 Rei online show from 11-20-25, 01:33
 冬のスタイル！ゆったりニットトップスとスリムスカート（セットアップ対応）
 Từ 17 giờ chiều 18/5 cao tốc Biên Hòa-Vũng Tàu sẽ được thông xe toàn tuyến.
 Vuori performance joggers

■ ■ ■ ■ ■ ■ ■

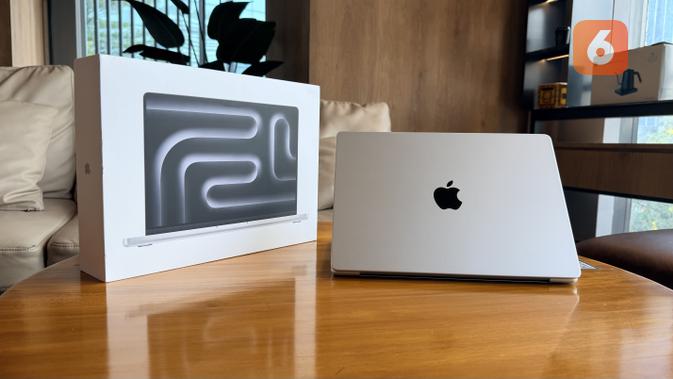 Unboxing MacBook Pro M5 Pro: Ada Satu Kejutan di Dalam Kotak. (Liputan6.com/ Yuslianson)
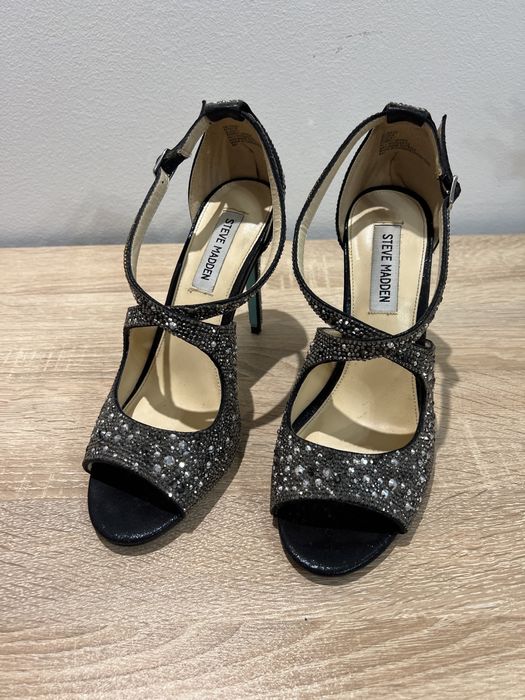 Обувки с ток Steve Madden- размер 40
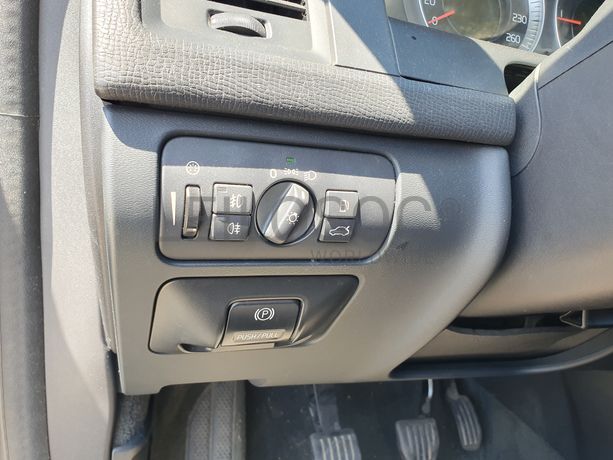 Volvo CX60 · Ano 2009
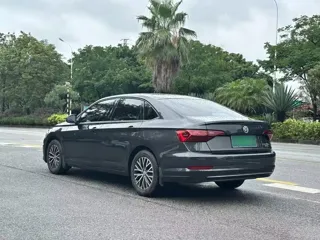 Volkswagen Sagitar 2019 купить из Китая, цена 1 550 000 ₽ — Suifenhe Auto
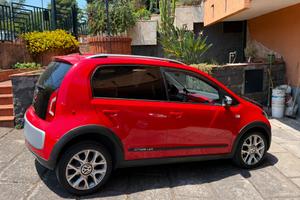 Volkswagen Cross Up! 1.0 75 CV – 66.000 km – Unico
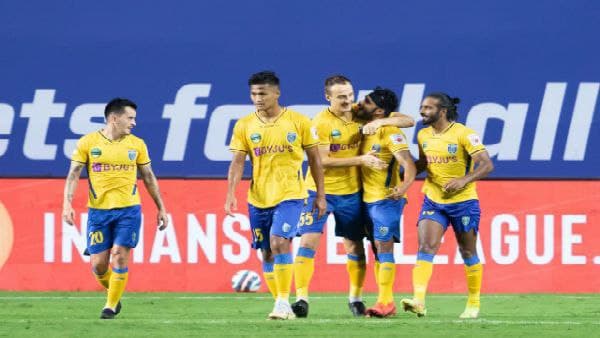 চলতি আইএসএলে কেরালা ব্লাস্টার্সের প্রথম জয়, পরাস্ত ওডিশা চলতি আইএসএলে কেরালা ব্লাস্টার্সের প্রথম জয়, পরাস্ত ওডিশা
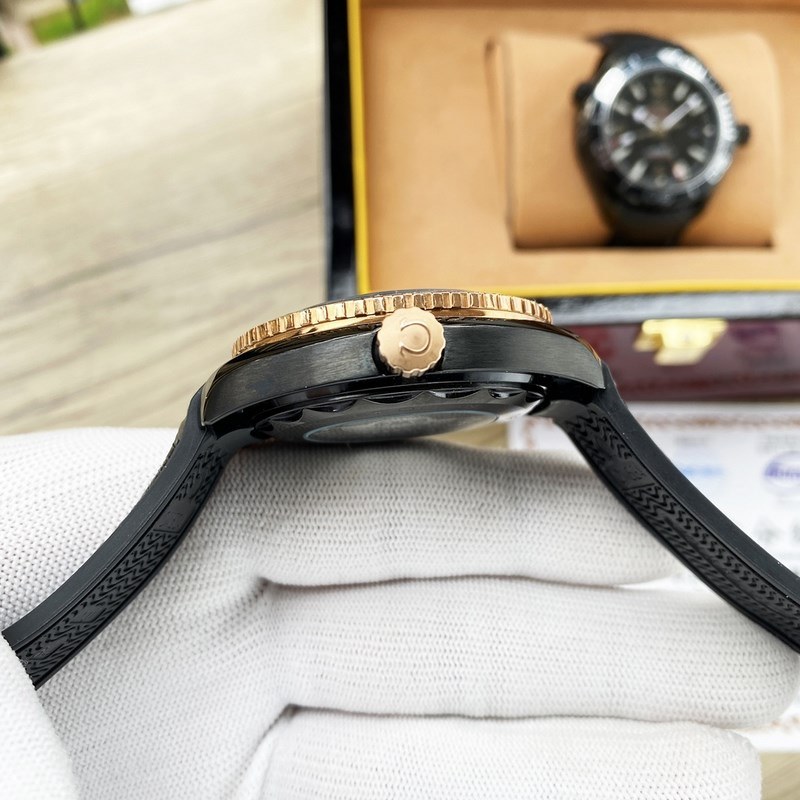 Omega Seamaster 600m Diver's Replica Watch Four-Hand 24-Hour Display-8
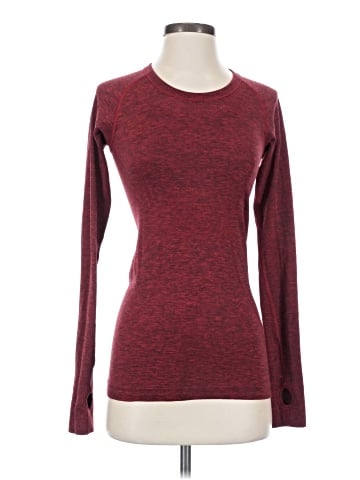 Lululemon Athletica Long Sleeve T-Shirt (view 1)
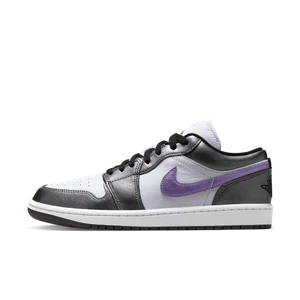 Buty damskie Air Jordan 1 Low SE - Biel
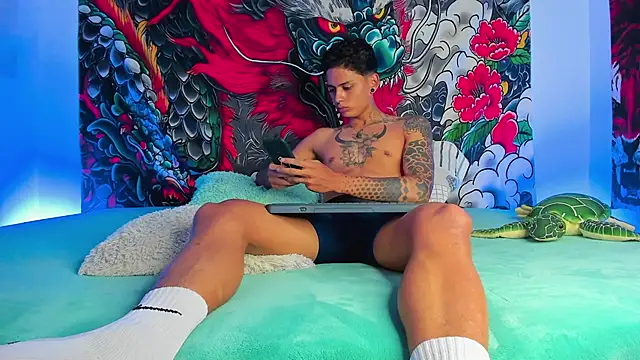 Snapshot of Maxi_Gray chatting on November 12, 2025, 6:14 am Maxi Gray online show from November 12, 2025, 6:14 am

■ ■ ■ ■ ■ ■ ■

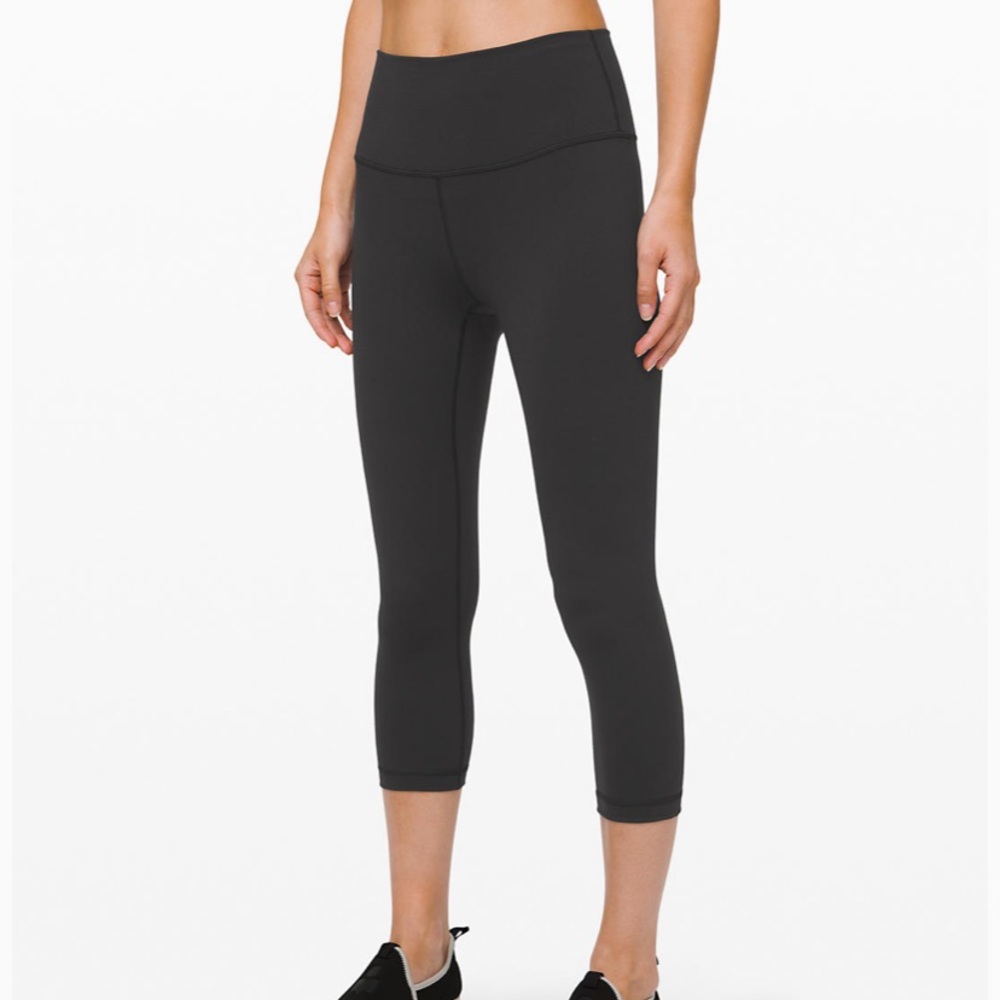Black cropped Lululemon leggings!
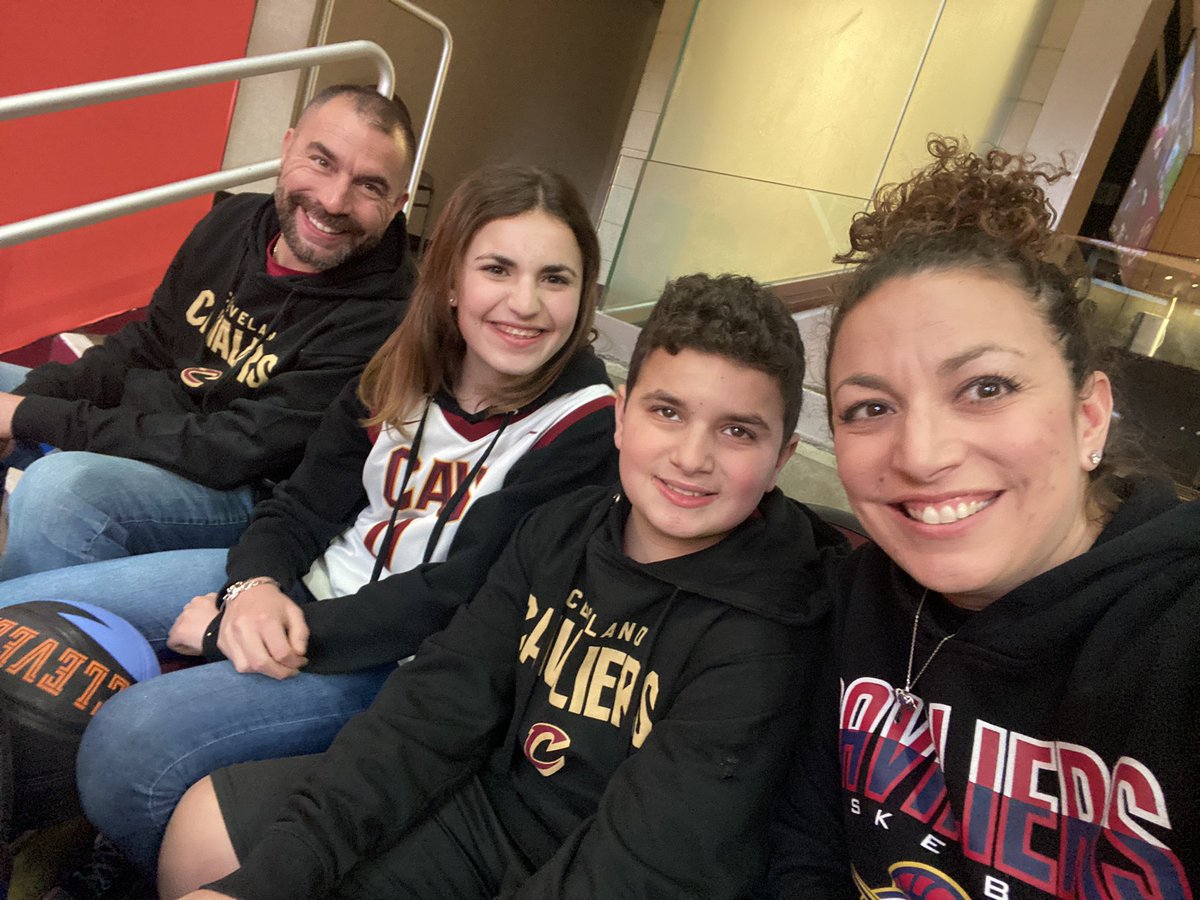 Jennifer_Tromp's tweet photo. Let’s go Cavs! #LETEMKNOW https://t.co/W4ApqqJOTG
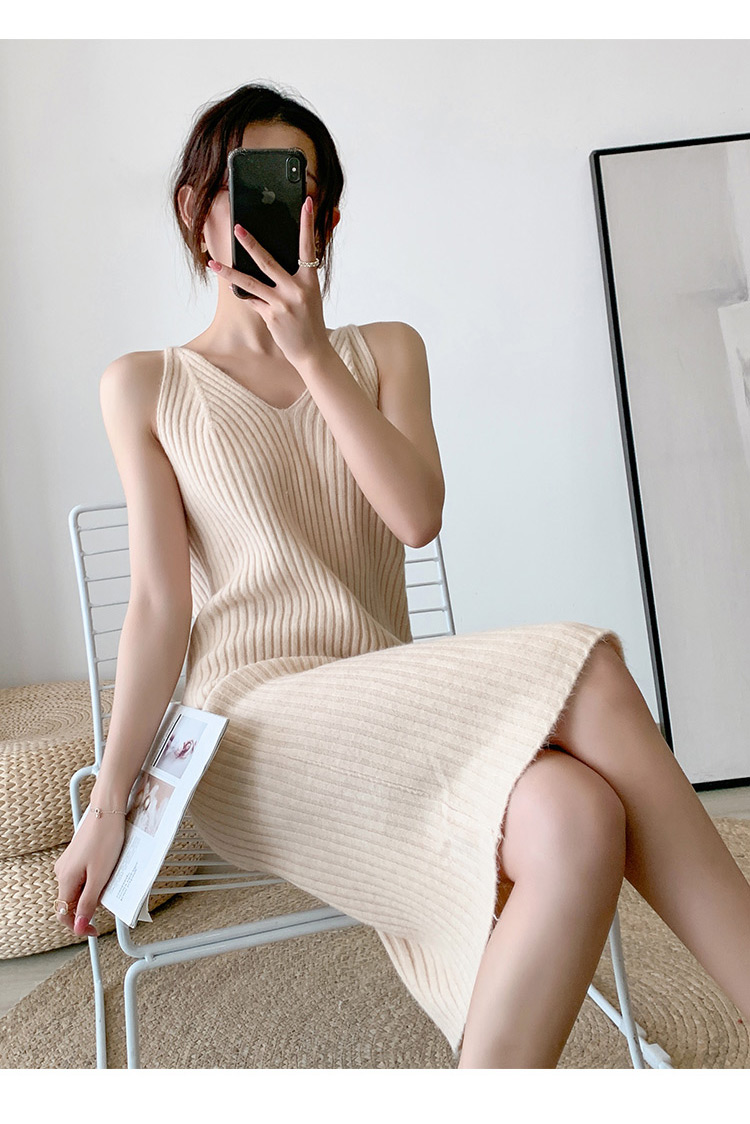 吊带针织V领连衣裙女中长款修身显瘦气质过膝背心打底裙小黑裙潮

■ ■ ■ ■ ■ ■ ■

§ **ABOUT THIS EXERCISE**:
Only those lines of the entries above that run from the line containing "Rei online show from 11-20-25, 01:33" to the line containing "Vuori performance joggers", both included, should be transcribed exactly.

§ **COMPLETED EXERCISE**:
 Rei online show from 11-20-25, 01:33
 冬のスタイル！ゆったりニットトップスとスリムスカート（セットアップ対応）
 Từ 17 giờ chiều 18/5 cao tốc Biên Hòa-Vũng Tàu sẽ được thông xe toàn tuyến.
 Vuori performance joggers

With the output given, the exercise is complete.